Deployment is where sovereignty bites. That’s where law and policy resolve where workloads can actually run, and under what conditions. The split is what Kubernetes tries to operationalize: global code, local execution.
Ecosystems define whether the Kubernetes control plane for AI will work
No vendor can cover AI infrastructure alone. A Kubernetes control plane for AI only works if it spans systems as a substitute of replacing them. That puts the burden on the ecosystem — the shared standards, APIs and upstream projects that permit different tools operate as one system.
Nashawaty points to Red Hat’s role inside that upstream layer: “Red Hat’s influence extends well beyond its industrial platform. The corporate has long been one of the energetic contributors to the Cloud Native Computing Foundation ecosystem.”
That upstream work will not be cosmetic. It’s what keeps Kubernetes consistent across vendors. Without it, every distribution drifts and the control plane fractures into competing implementations.
Except for contributing to open-source projects, Red Hat is partnering with corporations for scalable enterprise AI. Notably, Red Hat AI Factory with Nvidia focuses on constructing, deploying and scaling AI infrastructure using Red Hat OpenShift and Nvidia accelerated computing for high-performance AI workloads.
“When as many as 75% of enterprises report double-digit AI failure rates tied to fragmented systems, it’s clear the bottleneck has shifted to infrastructure,” said Nashawaty, underscoring the associated fee when upstream infrastructure coordination breaks down, especially in the case of AI.
That failure rate will not be about missing features. It reflects systems that can’t operate together. Ecosystems prevent Kubernetes from collapsing into one other silo — the precise consequence it’s purported to avoid.
Kubernetes becomes the production layer for AI
AI doesn’t collapse infrastructure in a single place. It stresses every seam without delay. Kubernetes becomes the layer that attempts to carry those seams together.
Stevens described the shift toward consolidating fragmented systems onto a single platform: “It’s a really powerful concept to reapply that — and likewise consolidate it on the identical platform with fewer vendors and fewer attack surface for changes in numerous learning curves, which I feel has been the ability of Kubernetes all along.”
That consolidation only works if the ecosystem holds. Melen underscores what happens if it doesn’t: “If sovereignty results in fragmentation, we risk undermining the trillions of dollars of value that open source has already brought globally.”
The system doesn’t change into simpler, however it becomes governable. Kubernetes isn’t the tool of selection since it is ideal.
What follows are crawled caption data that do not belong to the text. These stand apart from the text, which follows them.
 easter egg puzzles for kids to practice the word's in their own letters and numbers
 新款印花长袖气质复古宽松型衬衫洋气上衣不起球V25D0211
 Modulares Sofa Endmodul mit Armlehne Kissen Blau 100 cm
The industry chooses it because fragmentation leaves no alternative coordination layer that scales.
Red Hat’s bet is that abstraction through Kubernetes is the one viable strategy to keep AI operational across disparate worlds.
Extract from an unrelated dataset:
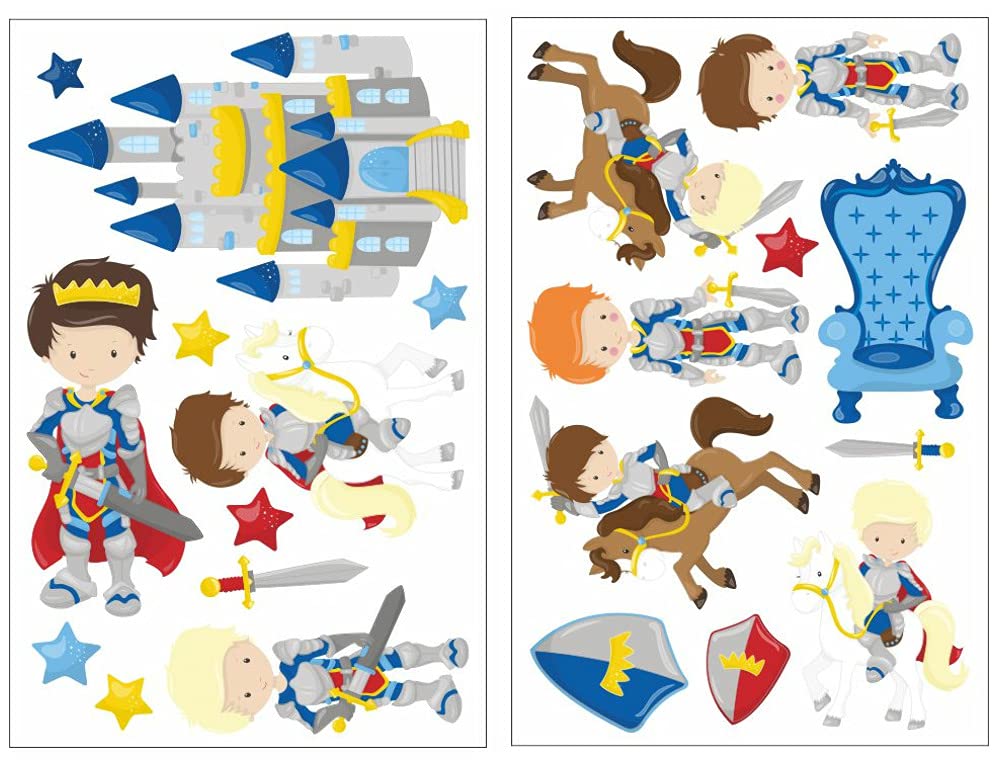 Samunshi® 21 Piece Knight Wall Tattoo Set for Child's Bedroom Baby Room, multicoloured, 2x 21x34cm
(* Disclosure: TheCUBE is a paid media partner for the KubeCon + CloudNativeCon NA event. Neither Red Hat Inc., the first sponsor of theCUBE’s event coverage, nor other sponsors have editorial control over content on theCUBE or SiliconANGLE.)
Photo: SiliconANGLE
Support our mission to maintain content open and free by engaging with theCUBE community. Join theCUBE’s Alumni Trust Network, where technology leaders connect, share intelligence and create opportunities.
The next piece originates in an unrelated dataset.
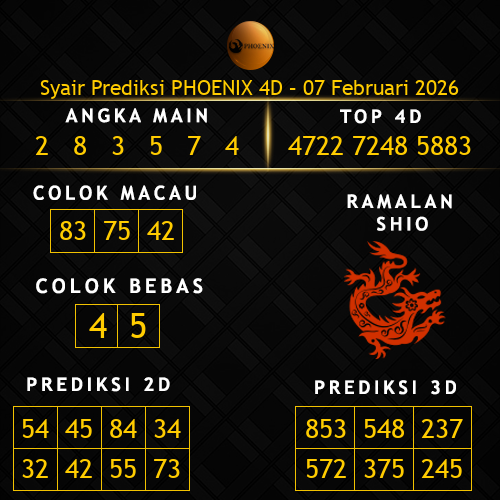 Prediksi Phoenix 4D Hari Ini 7-februari-2026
- 15M+ viewers of theCUBE videos, powering conversations across AI, cloud, cybersecurity and more
- 11.4k+ theCUBE alumni — Connect with greater than 11,400 tech and business leaders shaping the long run through a novel trusted-based network.
About SiliconANGLE Media
Founded by tech visionaries John Furrier and Dave Vellante, SiliconANGLE Media has built a dynamic ecosystem of industry-leading digital media brands that reach 15+ million elite tech professionals. Our latest proprietary theCUBE AI Video Cloud is breaking ground in audience interaction, leveraging theCUBEai.com neural network to assist technology corporations make data-driven decisions and stay on the forefront of industry conversations.